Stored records
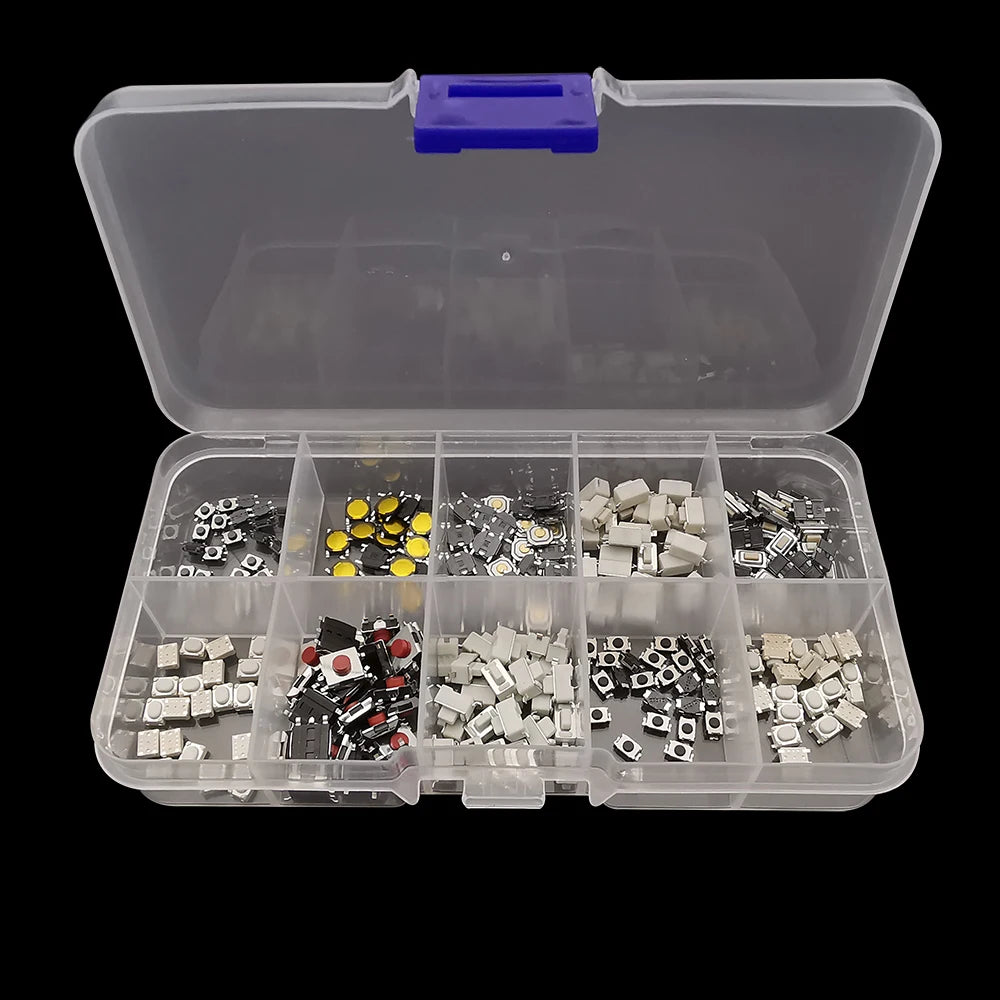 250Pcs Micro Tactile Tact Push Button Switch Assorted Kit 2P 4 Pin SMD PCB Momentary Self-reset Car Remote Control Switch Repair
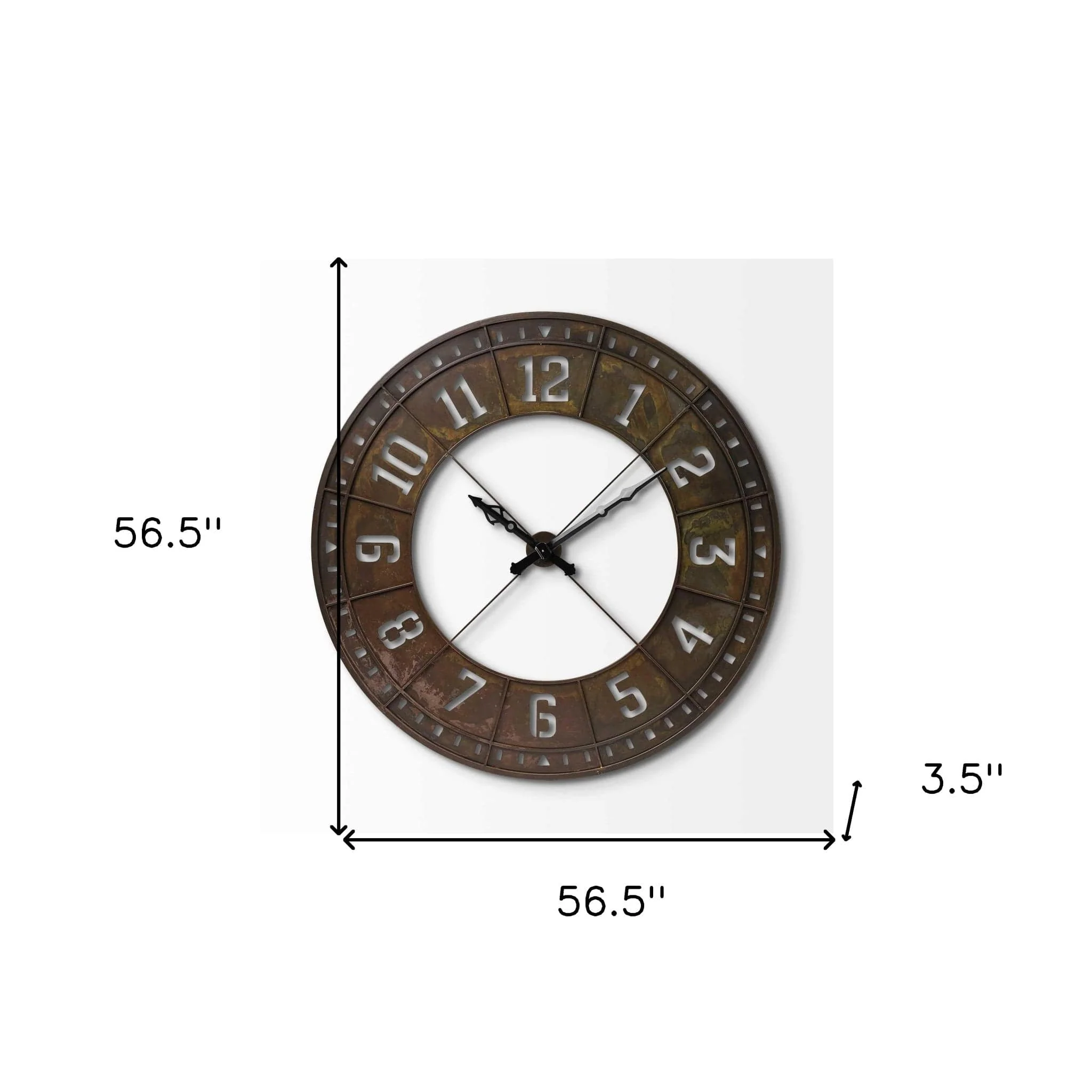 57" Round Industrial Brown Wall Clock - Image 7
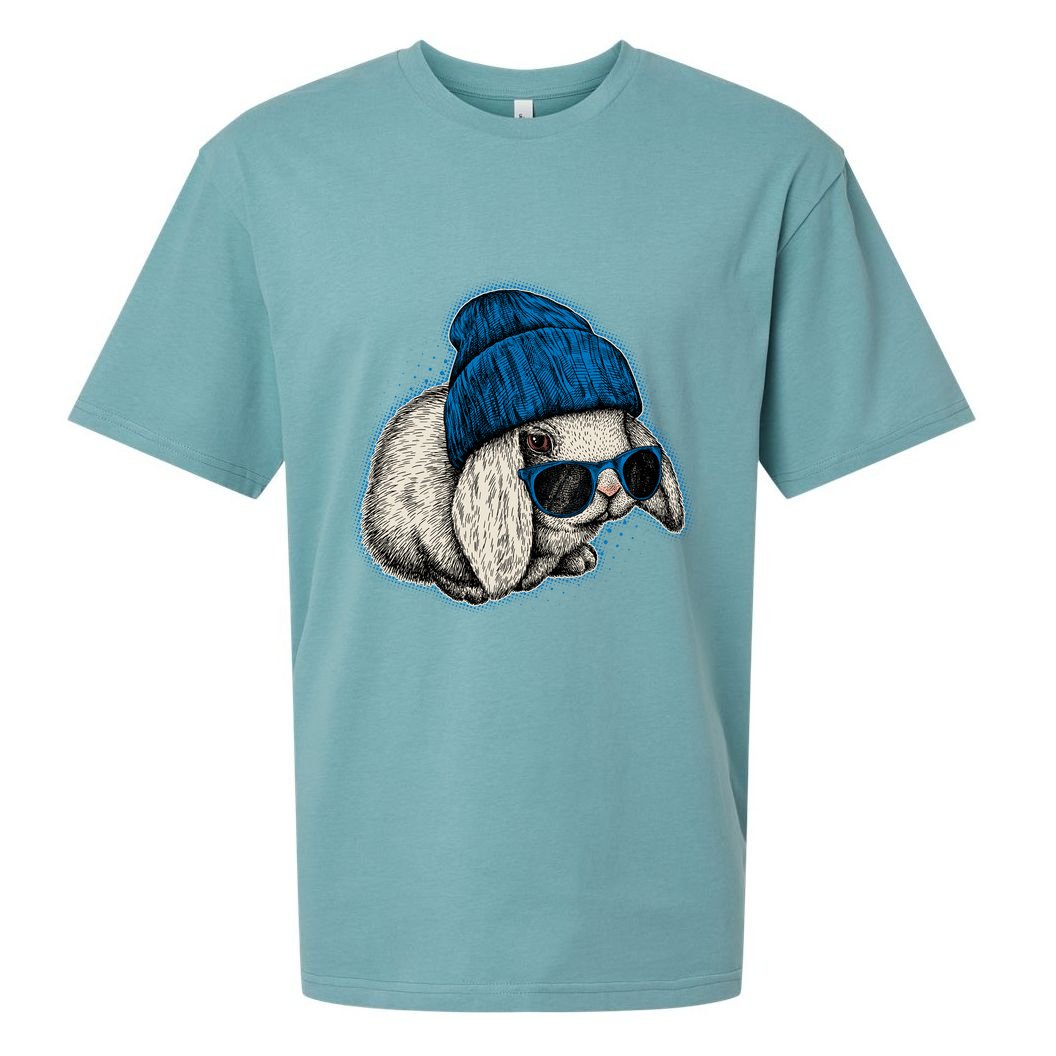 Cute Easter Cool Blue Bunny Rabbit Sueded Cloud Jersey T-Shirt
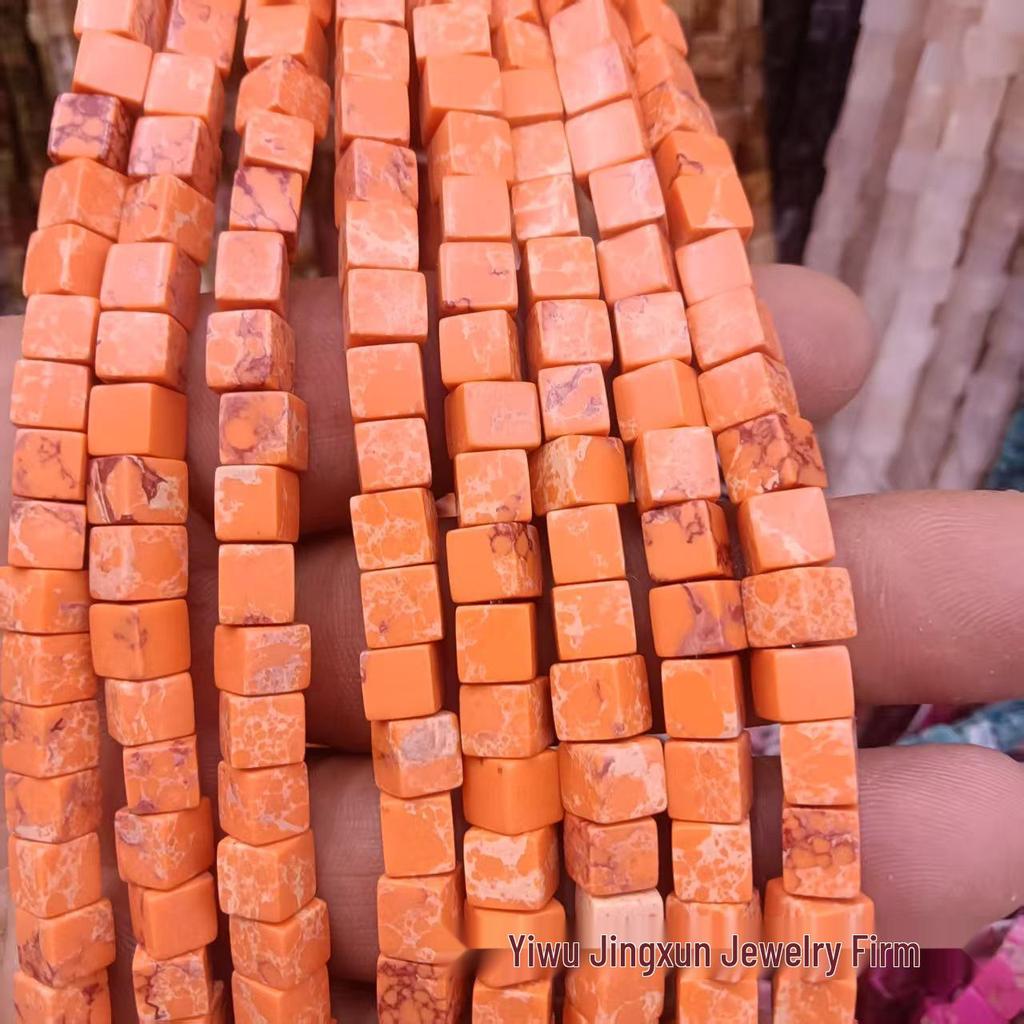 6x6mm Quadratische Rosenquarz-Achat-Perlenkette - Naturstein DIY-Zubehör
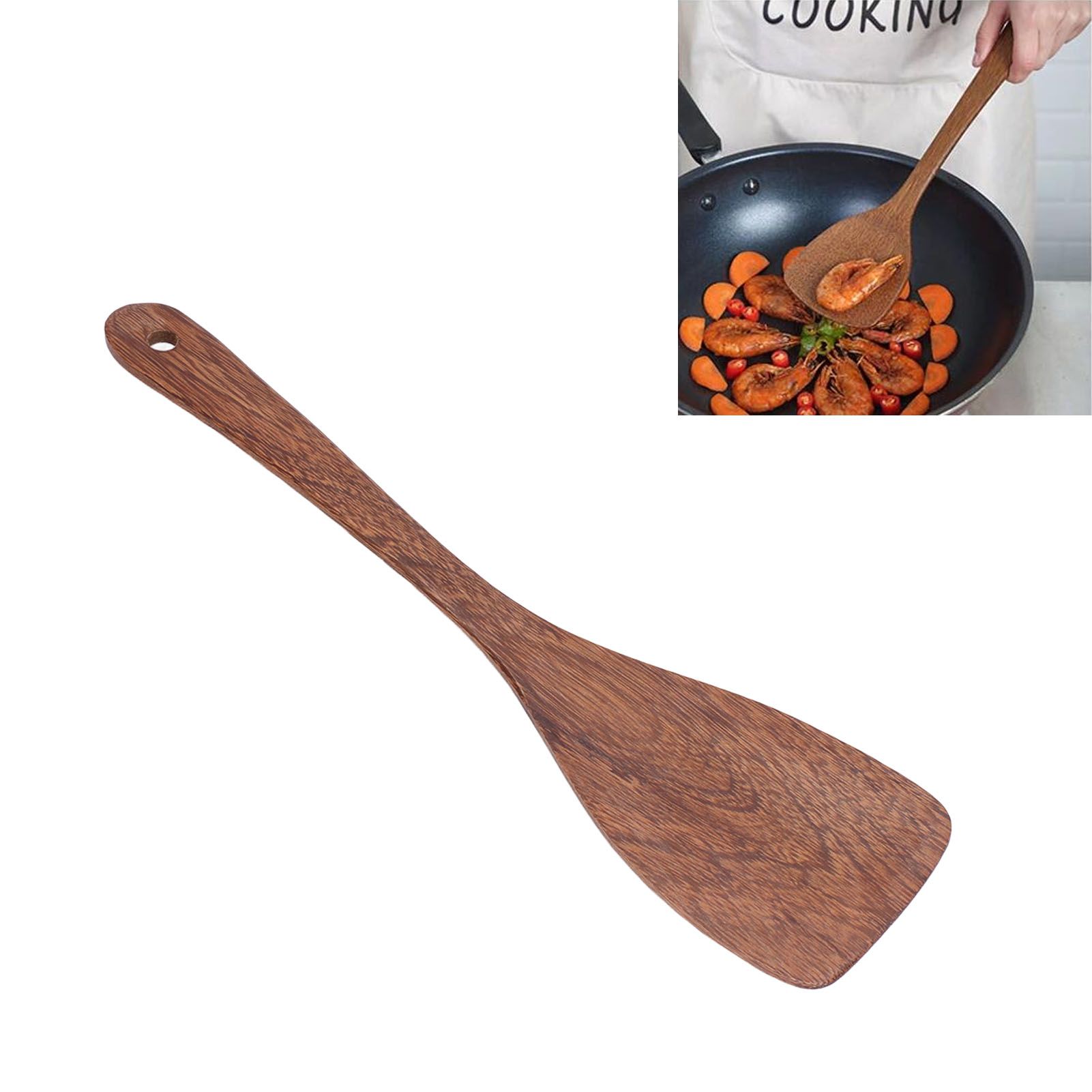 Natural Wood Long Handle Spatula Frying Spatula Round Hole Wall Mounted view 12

→ What you have to do
Omit every picture while printing the data word for word.

→ Solution to the problem
 250Pcs Micro Tactile Tact Push Button Switch Assorted Kit 2P 4 Pin SMD PCB Momentary Self-reset Car Remote Control Switch Repair
 57" Round Industrial Brown Wall Clock - Image 7
 Cute Easter Cool Blue Bunny Rabbit Sueded Cloud Jersey T-Shirt
 6x6mm Quadratische Rosenquarz-Achat-Perlenkette - Naturstein DIY-Zubehör
 Natural Wood Long Handle Spatula Frying Spatula Round Hole Wall Mounted view 12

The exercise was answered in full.